The configuration workflow I want to use

When I started on this project to migrate nerdologues.com from Drupal 7 to Drupal 8 I was excited to use Drupal 8’s Configuration Manager. My imagined workflow was something like:

  • Install Drupal 8 with the core’s Standard install profile on my local machine or in a Pantheon Multidev environment.
  • Make configuration changes.
  • Export configuration changes to code (wooo!) to the normal directory: sites/default/config.
  • Push committed configuration to GitHub, make pull request.
  • CircleCI then installs with the Standard profile, imports configuration from sites/default/config, runs tests.

But there is a problem with this workflow.

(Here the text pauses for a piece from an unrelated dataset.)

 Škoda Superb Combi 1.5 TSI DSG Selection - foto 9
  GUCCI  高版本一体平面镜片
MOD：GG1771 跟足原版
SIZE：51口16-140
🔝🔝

When attempting to do the import of pre-existing configuration (with drush config-import) Drupal will complain with a message that includes:

The import failed due for the following reasons:                         
Site UUID in source storage does not match the target storage.

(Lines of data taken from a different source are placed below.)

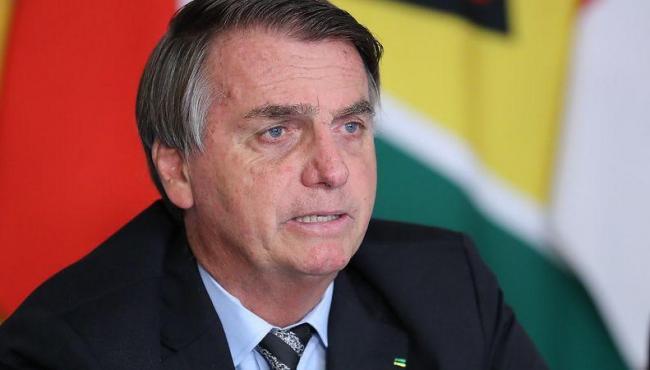 Bolsonaro sanciona projeto que prevê ICMS único sobre combustíveis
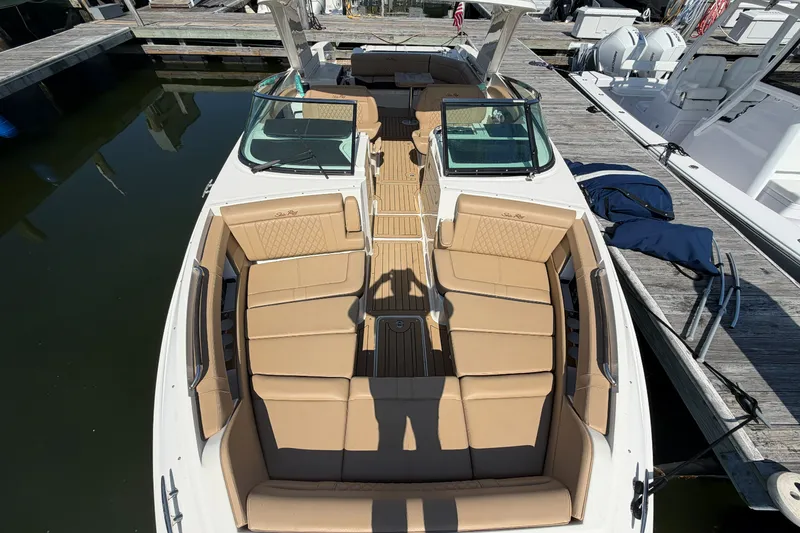Slide: The Image of Sea Ray 350 SLX 2021 - 22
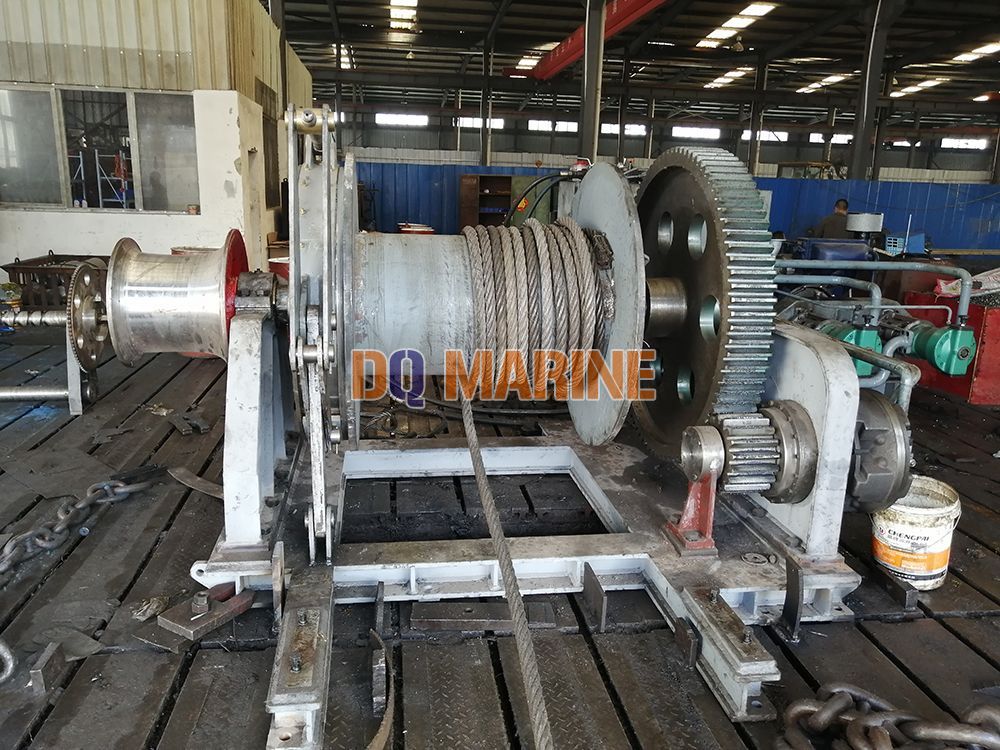 /photo/35T-Hydraulic-diesel-engine-driven-mooring-winch-1.jpg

As far as Drupal core is concerned, sites/default/config is meant for configuration from the same site (or at least different copies of the same site). Doing a fresh install of Drupal core means that the pre-existing config in sites/default/config is seen as foreign.

Enter Configuration Installer

Configuration Installer allows me to use the workflow that I want. (Thanks to Alex Pott for writing it!) Drupal bases new installations on installation profiles. In Drupal 8, each install profile is expected to provide the configuration it needs in the form of .yml files. For most every install profile, those .yml files live inside the directory of the install profile (see the directory structure of core’s Standard and Minimal install profiles). Configuration Installer is a way to say “my install profile configuration is actually over in sites/default/config.” It’s a workaround that works well. Here’s a pull request that updates the permissions for the Content Administrator role’s configuration and changes some Behat tests accordingly.

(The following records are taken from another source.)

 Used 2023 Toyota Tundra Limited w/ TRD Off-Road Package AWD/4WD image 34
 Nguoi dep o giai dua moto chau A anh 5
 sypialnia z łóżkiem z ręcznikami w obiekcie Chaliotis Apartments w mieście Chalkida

How are other people working without Configuration Installer?

I would not need Configuration Installer if I established a canonical Drupal 8 database. With a canonical Drupal 8 database, CircleCI would would run on a copy of that D8 database and then import configuration changes rather than installing fresh which creates a new database. Once the Drupal 8 site is live (and has a canonical database), that will be the workflow. But I don’t want to go that workflow yet. A Drupal site has three main parts:

  • Version-controlled code.
  • Files ignored from version control (mostly uploaded images/documents).
  • A database.

Of the three, the database is easiest element to mess up and the hardest to fix after a mistaken change. That’s why Drupal 8 introduced new configuration management tools that move focus from the database to version controlled code. Configuration does still live in the database as far as a runtime Drupal site is concerned but configuration is so cleanly imported and exported to code now that mental focus goes to the .yml files.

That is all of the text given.